▶ What to produce
Starting at the line below with "Interior DL Rank" and stopping at the line with "Ferris SRS™ Z2", please print each line exactly, those two included, and skip every picture.

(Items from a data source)
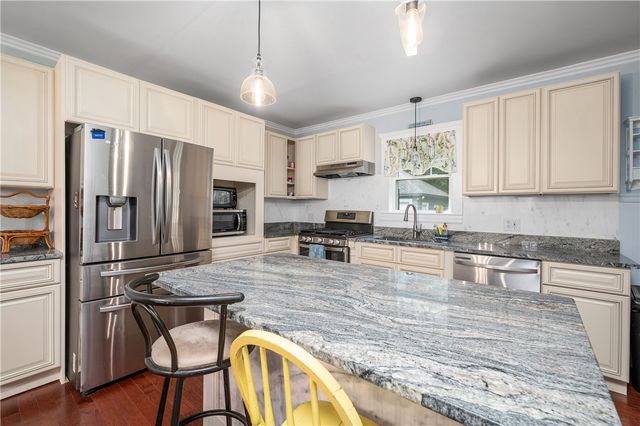 60 White Parkway, North Smithfield, RI 02896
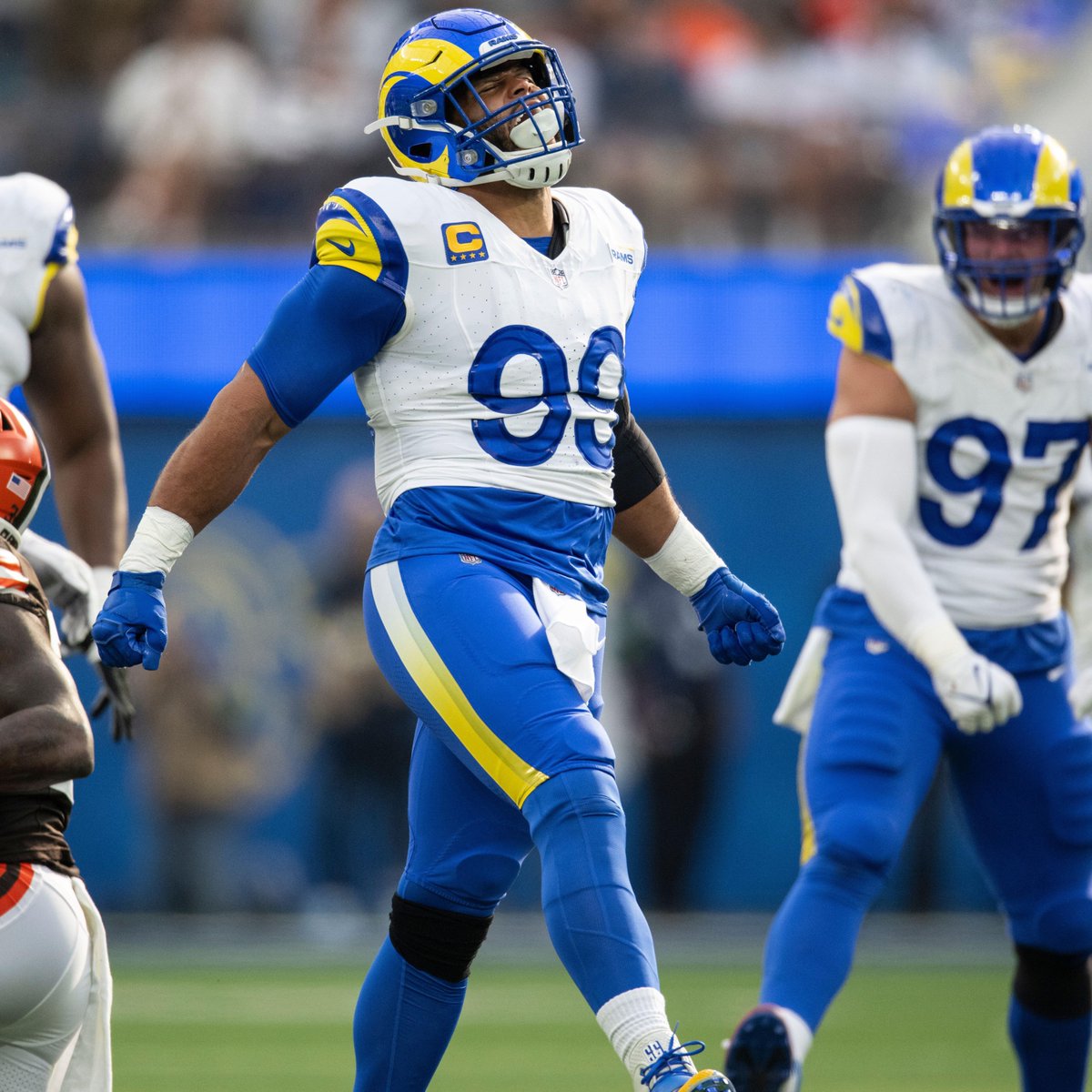 PFF's tweet photo. Aaron Donald year by year Defensive Grades

                         Interior DL Rank
2023     90.8      2nd
2022     90.5      3rd
2021      93.5      1st
2020     94.2      1st
2019      93.6      1st
2018      94.8      1st
2017      94.4       1st
2016      92.6       1st
2015      92.9       1st
2014      90.2       2nd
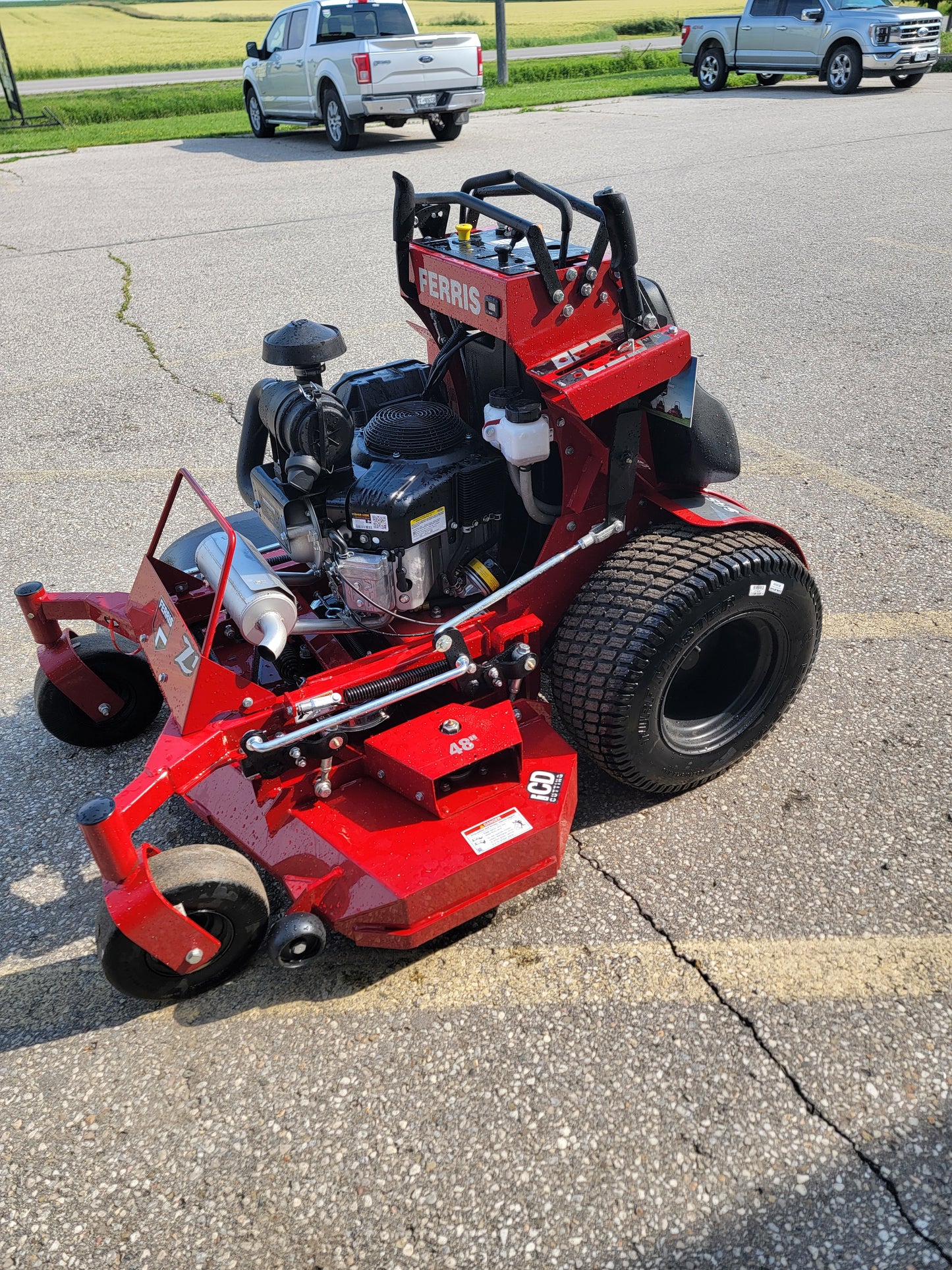 Ferris SRS™ Z2 Soft Ride Stand-On Mower - Model#5902165
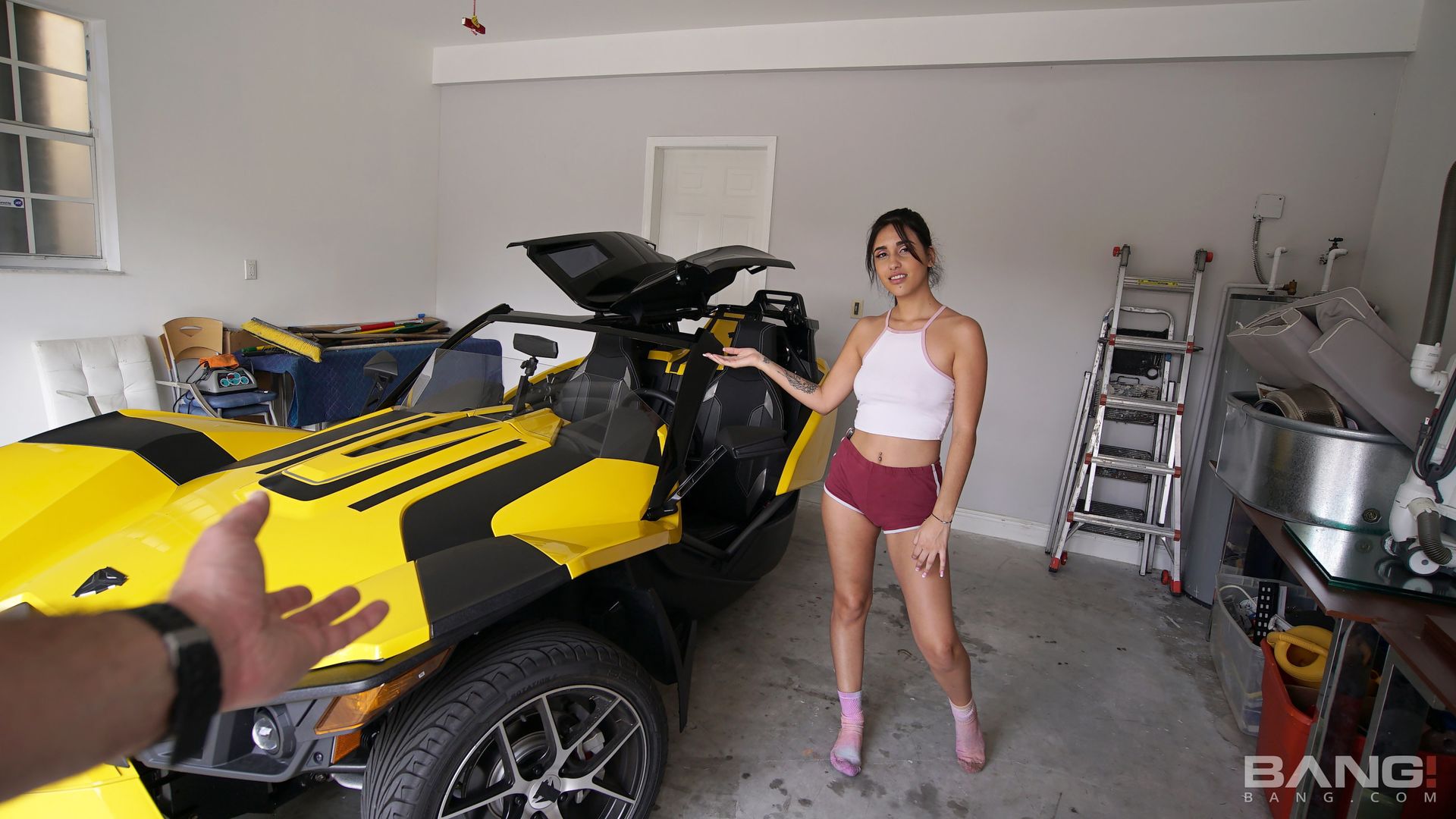 Penelope Fucks The Mechanic For Some Side Cash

▶ Result of this exercise
                         Interior DL Rank
2023     90.8      2nd
2022     90.5      3rd
2021      93.5      1st
2020     94.2      1st
2019      93.6      1st
2018      94.8      1st
2017      94.4       1st
2016      92.6       1st
2015      92.9       1st
2014      90.2       2nd
 Ferris SRS™ Z2 Soft Ride Stand-On Mower - Model#5902165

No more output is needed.